Phelan hurled in goal for Waterford in the Munster Championship in 1976 and was sub goalie for the two ill-fated Munster final defeats to Cork in 1982 and ‘83. He finished up playing for Modeligo after hurling at senior level for Cappoquin, five miles away. Modeligo is located between the Knockmedaldown and Comeragh mountains.

“When we started off we hardly knew how to catch a hurley,” says O’Donovan. “That’s the way it was. There were years we barely fielded a hurling team; we always had a football team. But then this group of lads came.”

They defeated Clashmore in the western final last year, before losing the county final to Portlaw. Phelan, the retired school principal, says the improvement in these areas is explained to some extent by better facilities. “You were always playing in grass that was way too high. The skill levels just couldn’t be there I think. That is why football in the rural areas would have been the easier sport to play. It was only back in the 1980s, in Modeligo, that the field was first bought so the improvement in facilities I think has improved the standard of hurling.”

Like a lot of clubs around this area, they are punching above their weight, way above in some cases. The success Waterford has enjoyed in winning Munster titles and National Leagues, and frequently challenging for titles, has also fired the imagination and inspired others to follow.

“To win the intermediate [for Modeligo] would be an amazing achievement,” says Phelan. “Once in a blue moon you get this group that comes along. It used to be east was hurling, west was football in Waterford. Whereas the thing has changed completely. Now a lot of it is down to the underage structures, the coaching and the development squads. But I would still go back to a lot of the clubs; they built their fields. If you have facilities, only then can things happen.

“And the county has had success. It is a fantastic time to be a Waterford supporter. For years we went to Munster first rounds and that was all you expected.”

Tuorin have won a county senior hurling title in the past but currently ply their trade in junior hurling. Still they provide the two Fives to the county senior team. Paul Flynn, the former county player who is part of the county under 21 management team, acknowledges that hurling is thriving in areas that previously didn’t figure. He cites the influence of the Harty Cup on schools in the catchment area as a contributing factor to rising standards.

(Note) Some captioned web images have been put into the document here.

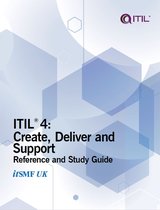 ITIL 4: Create, Deliver and Support: Reference and study guide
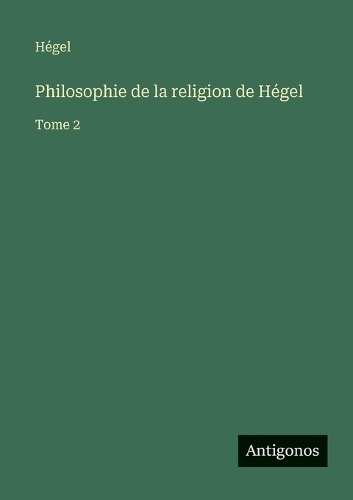 Philosophie de la religion de Hégel
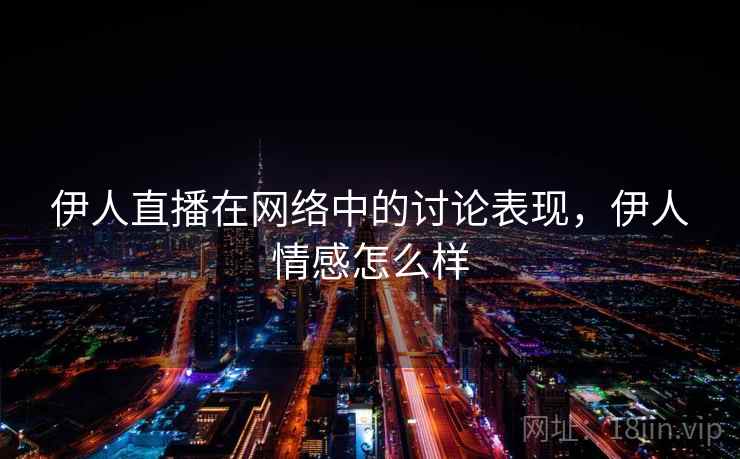伊人直播在网络中的讨论表现,伊人情感怎么样 伊人直播在网络中的讨论表现,伊人情感怎么样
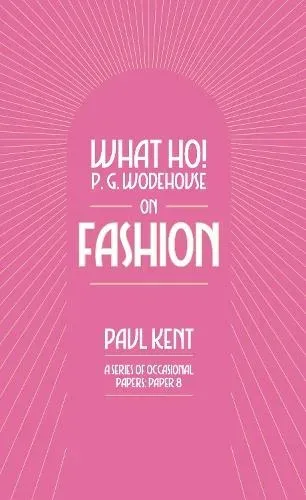 What Ho! P. G. Wodehouse on Fashion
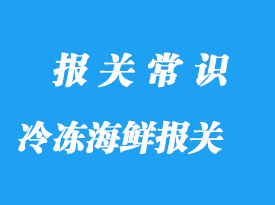 上海冷凍海鮮進口報關公司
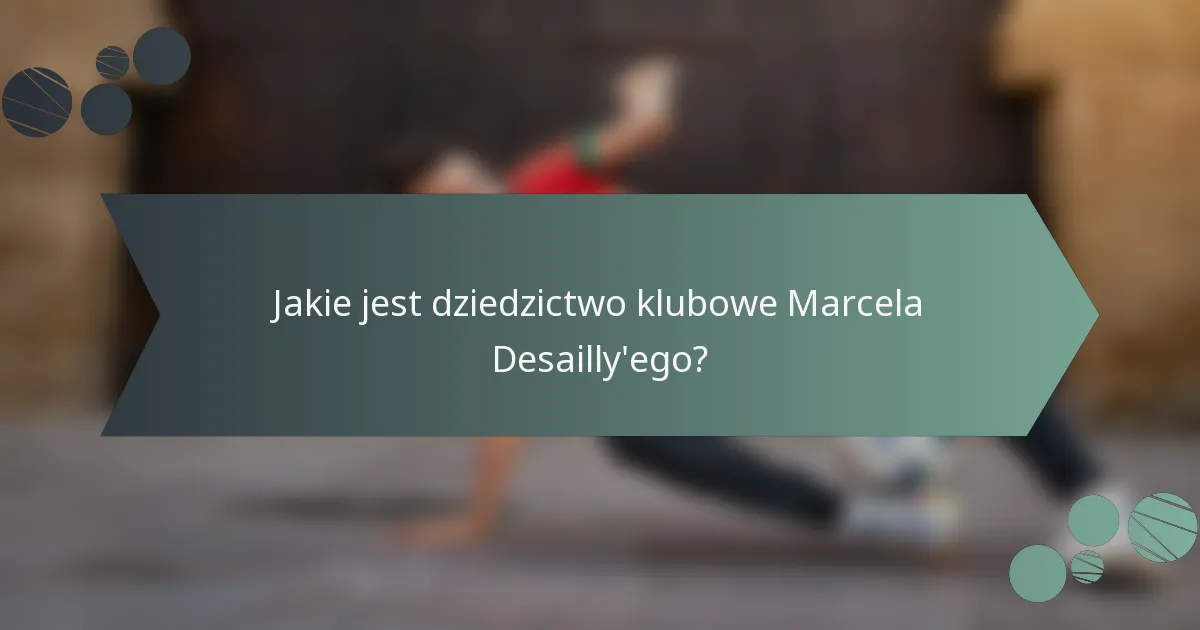 Jakie jest dziedzictwo klubowe Marcela Desailly'ego?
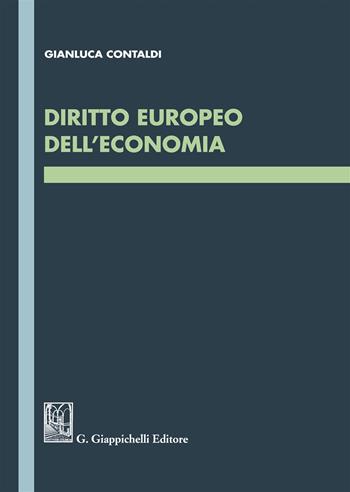 Diritto europeo dell'economia - Gianluca Contaldi - Libro Giappichelli 2019 | Libraccio.it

From these upwardly mobile clubs of west Waterford followers will begin their journey to Croke Park to lend support to the county’s bid to defeat favourites Kilkenny today. More clubs than ever are now queueing up to serve in the county’s mission to win a first All-Ireland since ‘59.

“People say we haven’t a hope against Kilkenny,” says Billy Devine of Ballysaggart, home of the Bennetts. “But the majority of us are going up on Sunday believing we can do it. It is an outside chance, we accept that, but we live in hope. It is a place a lot of counties would love to be in. There is a bit of a buzz.”

He adds that it would be more of a buzz “were we meeting someone else” but these are people who have broken the mould in their home places. They have learnt that because something was this way once, it doesn’t have to be this way forever.